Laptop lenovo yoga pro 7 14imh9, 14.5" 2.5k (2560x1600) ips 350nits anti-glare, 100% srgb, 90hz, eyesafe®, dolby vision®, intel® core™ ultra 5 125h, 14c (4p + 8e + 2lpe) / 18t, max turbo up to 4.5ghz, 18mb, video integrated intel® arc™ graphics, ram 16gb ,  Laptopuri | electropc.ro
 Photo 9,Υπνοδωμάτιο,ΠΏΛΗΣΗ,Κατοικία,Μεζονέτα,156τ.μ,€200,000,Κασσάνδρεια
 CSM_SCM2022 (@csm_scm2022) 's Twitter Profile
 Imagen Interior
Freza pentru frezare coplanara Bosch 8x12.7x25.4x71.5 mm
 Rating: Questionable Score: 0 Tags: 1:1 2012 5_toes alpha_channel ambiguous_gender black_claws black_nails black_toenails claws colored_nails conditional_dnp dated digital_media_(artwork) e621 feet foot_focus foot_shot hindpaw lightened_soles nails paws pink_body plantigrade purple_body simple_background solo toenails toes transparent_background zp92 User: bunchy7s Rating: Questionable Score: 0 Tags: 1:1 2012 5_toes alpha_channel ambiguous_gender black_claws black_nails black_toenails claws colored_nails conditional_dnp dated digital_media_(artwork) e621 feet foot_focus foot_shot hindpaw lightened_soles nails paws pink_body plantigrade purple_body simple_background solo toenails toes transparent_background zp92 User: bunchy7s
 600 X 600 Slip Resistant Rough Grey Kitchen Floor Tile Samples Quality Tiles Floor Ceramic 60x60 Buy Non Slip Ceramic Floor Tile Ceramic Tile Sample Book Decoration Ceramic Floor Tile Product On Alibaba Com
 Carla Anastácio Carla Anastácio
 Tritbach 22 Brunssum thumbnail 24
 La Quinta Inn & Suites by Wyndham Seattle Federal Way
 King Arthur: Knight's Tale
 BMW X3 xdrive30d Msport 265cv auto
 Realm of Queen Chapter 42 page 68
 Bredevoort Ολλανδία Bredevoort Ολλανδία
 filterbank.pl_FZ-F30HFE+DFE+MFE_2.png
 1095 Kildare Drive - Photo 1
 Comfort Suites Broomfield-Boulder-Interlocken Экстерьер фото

__________________________________________________

= Directions for this task =
Your output must be the lines of the material above, from the first through the line that contains "Freza pentru frezare", copied exactly. Include both endpoints and nothing else.

= Response to this task =
Laptop lenovo yoga pro 7 14imh9, 14.5" 2.5k (2560x1600) ips 350nits anti-glare, 100% srgb, 90hz, eyesafe®, dolby vision®, intel® core™ ultra 5 125h, 14c (4p + 8e + 2lpe) / 18t, max turbo up to 4.5ghz, 18mb, video integrated intel® arc™ graphics, ram 16gb ,  Laptopuri | electropc.ro
 Photo 9,Υπνοδωμάτιο,ΠΏΛΗΣΗ,Κατοικία,Μεζονέτα,156τ.μ,€200,000,Κασσάνδρεια
 CSM_SCM2022 (@csm_scm2022) 's Twitter Profile
 Imagen Interior
Freza pentru frezare coplanara Bosch 8x12.7x25.4x71.5 mm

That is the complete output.